----- Stored data

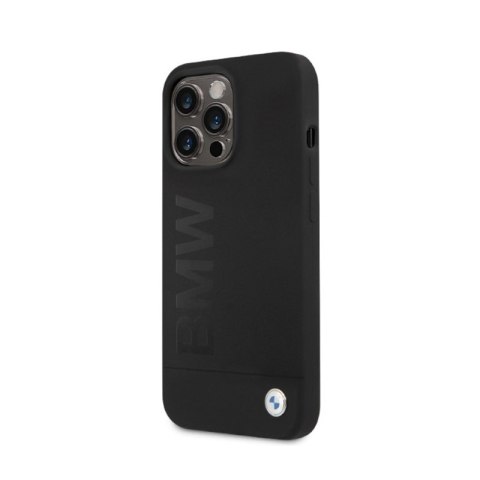 BMW Silicone Signature Logo Magsafe - Etui iPhone 13 Pro (czarny) BMW Silicone Signature Logo Magsafe - Etui iPhone 13 Pro (czarny)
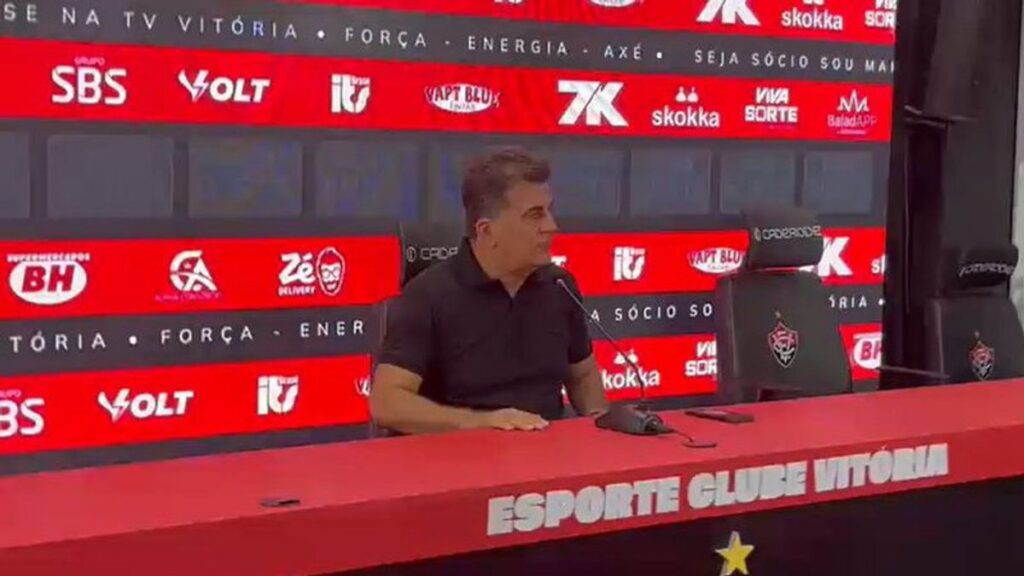 Presiden Vitória Kritik Keras Wasit Usai Kekalahan dari Palmeiras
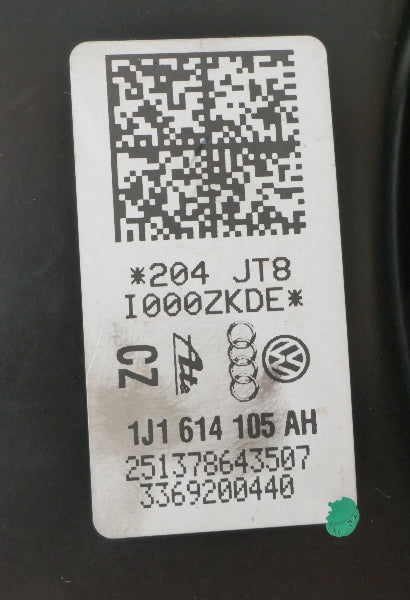 Brake Vacuum Booster ESP 02-05 VW Jetta GTI Mk4 03-10 Beetle - 1J1 614 105 AH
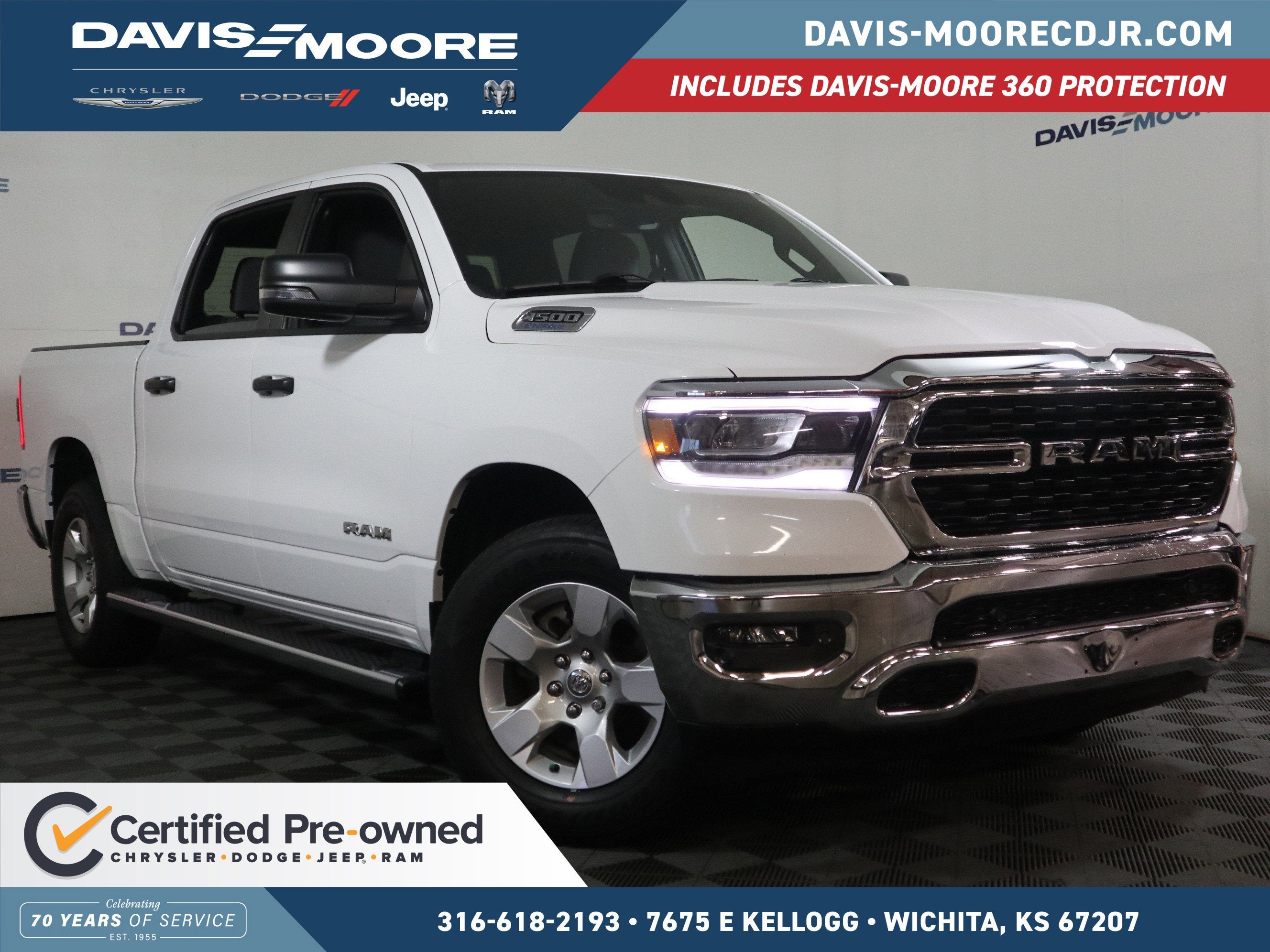 2023 RAM 1500 Big Horn Crew Cab 4x4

----------

**Work instructions**
The expected output is the whole listing, word for word, minus its pictures.

**Reply to the exercise**
 BMW Silicone Signature Logo Magsafe - Etui iPhone 13 Pro (czarny) BMW Silicone Signature Logo Magsafe - Etui iPhone 13 Pro (czarny)
 Presiden Vitória Kritik Keras Wasit Usai Kekalahan dari Palmeiras
 Brake Vacuum Booster ESP 02-05 VW Jetta GTI Mk4 03-10 Beetle - 1J1 614 105 AH
 2023 RAM 1500 Big Horn Crew Cab 4x4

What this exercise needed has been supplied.